Socrates was in trouble. He had been encouraging the youth to enquire and ask questions, thus challenging the political and religious status quo. He was not teaching people what to think, but for teaching them how to think. The price for his philosophical endeavours was the choice between exile or a fatal dose of hemlock. He defended himself at his trial but to no avail, in the end accepting the hemlock.
Socrates symbolises the great spirit of enquiry, a search for authenticity as well as a resolute defiance in the face of state-sanctioned bullying and forces that kept people shackled in unquestioned limiting beliefs. In Ancient Greece, as with most states and political milieus since that time, the agenda was the teaching of 'what to think' and ‘what to believe’, the tenets of which, if accepted, led to a form of collective sleep.
So what is the meaning of an examined life?
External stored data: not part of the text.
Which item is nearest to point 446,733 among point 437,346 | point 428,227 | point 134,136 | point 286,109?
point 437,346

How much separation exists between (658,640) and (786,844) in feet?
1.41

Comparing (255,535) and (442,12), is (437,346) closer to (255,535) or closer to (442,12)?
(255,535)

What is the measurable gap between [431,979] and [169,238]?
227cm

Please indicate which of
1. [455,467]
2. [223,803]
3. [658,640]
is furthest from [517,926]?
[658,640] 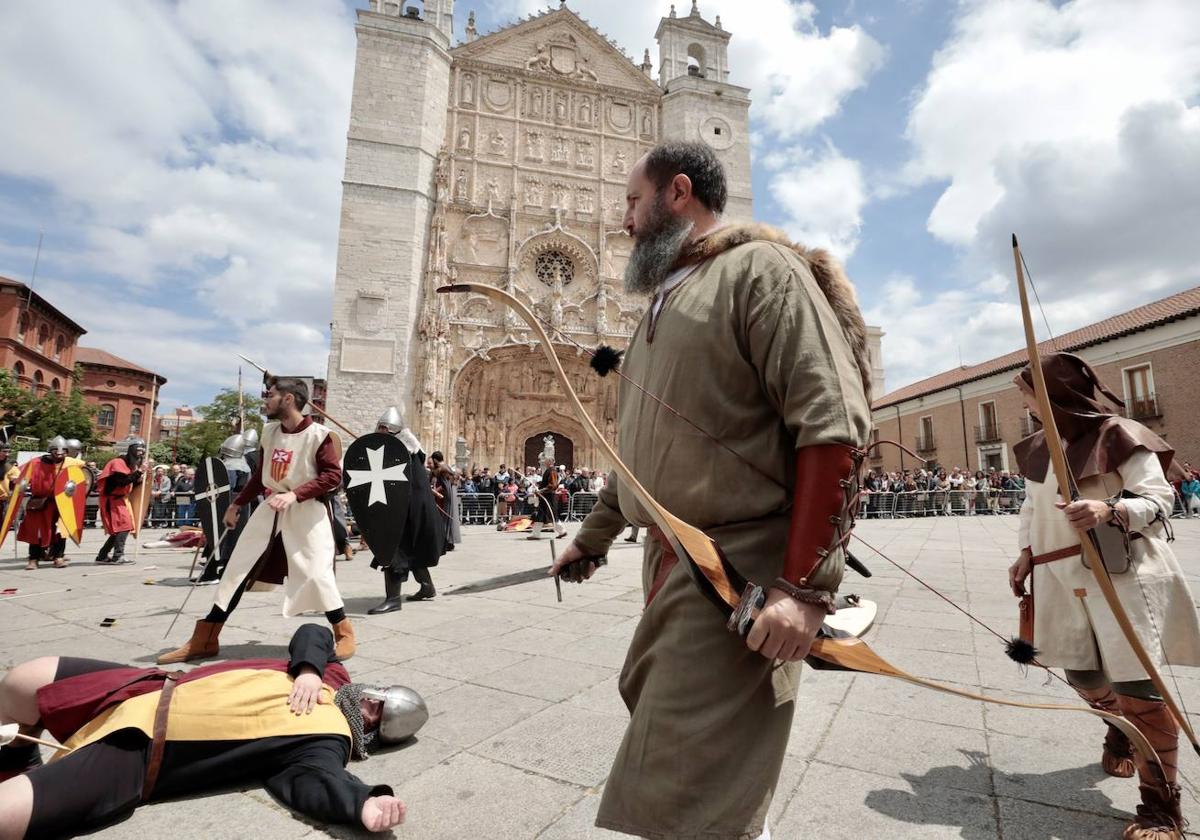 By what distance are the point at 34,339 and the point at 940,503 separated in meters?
42.4

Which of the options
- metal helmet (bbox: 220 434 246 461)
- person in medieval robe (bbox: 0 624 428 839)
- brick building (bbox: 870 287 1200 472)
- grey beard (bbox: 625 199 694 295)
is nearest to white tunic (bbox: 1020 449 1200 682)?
grey beard (bbox: 625 199 694 295)

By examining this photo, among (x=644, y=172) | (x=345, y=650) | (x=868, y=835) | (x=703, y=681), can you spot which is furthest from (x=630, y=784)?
(x=345, y=650)

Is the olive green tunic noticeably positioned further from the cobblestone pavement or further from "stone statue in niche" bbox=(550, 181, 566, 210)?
"stone statue in niche" bbox=(550, 181, 566, 210)

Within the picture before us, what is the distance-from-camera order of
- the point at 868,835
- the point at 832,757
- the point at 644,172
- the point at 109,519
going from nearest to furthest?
the point at 644,172
the point at 868,835
the point at 832,757
the point at 109,519

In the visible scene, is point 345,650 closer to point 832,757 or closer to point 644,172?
point 832,757

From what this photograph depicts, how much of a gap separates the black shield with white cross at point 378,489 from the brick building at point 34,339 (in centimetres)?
3185

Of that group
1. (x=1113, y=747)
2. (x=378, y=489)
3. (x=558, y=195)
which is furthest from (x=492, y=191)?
(x=1113, y=747)

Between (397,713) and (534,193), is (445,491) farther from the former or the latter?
(534,193)

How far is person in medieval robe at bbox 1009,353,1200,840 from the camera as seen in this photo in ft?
5.65

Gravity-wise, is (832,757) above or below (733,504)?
below

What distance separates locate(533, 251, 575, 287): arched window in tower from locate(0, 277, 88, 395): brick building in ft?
76.3

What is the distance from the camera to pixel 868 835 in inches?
62.9

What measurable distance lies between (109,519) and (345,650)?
247 inches

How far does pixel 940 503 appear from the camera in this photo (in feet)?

If it is the examining of a life subject to intellectual enquiry and analysis, we would be reducing ourselves to just the thinking function of mind, and in doing this our examining would only be partial. As important as our ability to think is – and the knowing of how to think as Socrates championed – even more important is the knowing of who we are, and in this knowing, understanding how we are limited by the mind.

 ©  Andy Green 2015

1 comment:

  1. I guess I see what you mean. It is akin to the realizations of the zen monks of Japan, when they pursue za-zen (sitting zen, or just sitting). We need only observe ourselves to penetrate deeper into who we are, as in your examining life. Just as we are not our thoughts, but rather a faculty for thought. As a zen master once put it, about za-zen; he said - there is za-zen in concept, and then there is za-zen as in sitting. Sitting transforms us, because it is not something held in our concept alone, but is more fundamental to life. We are sitting, we are not thinking about sitting. Thus, the practice of martial arts and healing arts, it is in the doing where we are truly transformed, not as much the thinking about it. The application of things, are more important than the mere conceptualizing of them.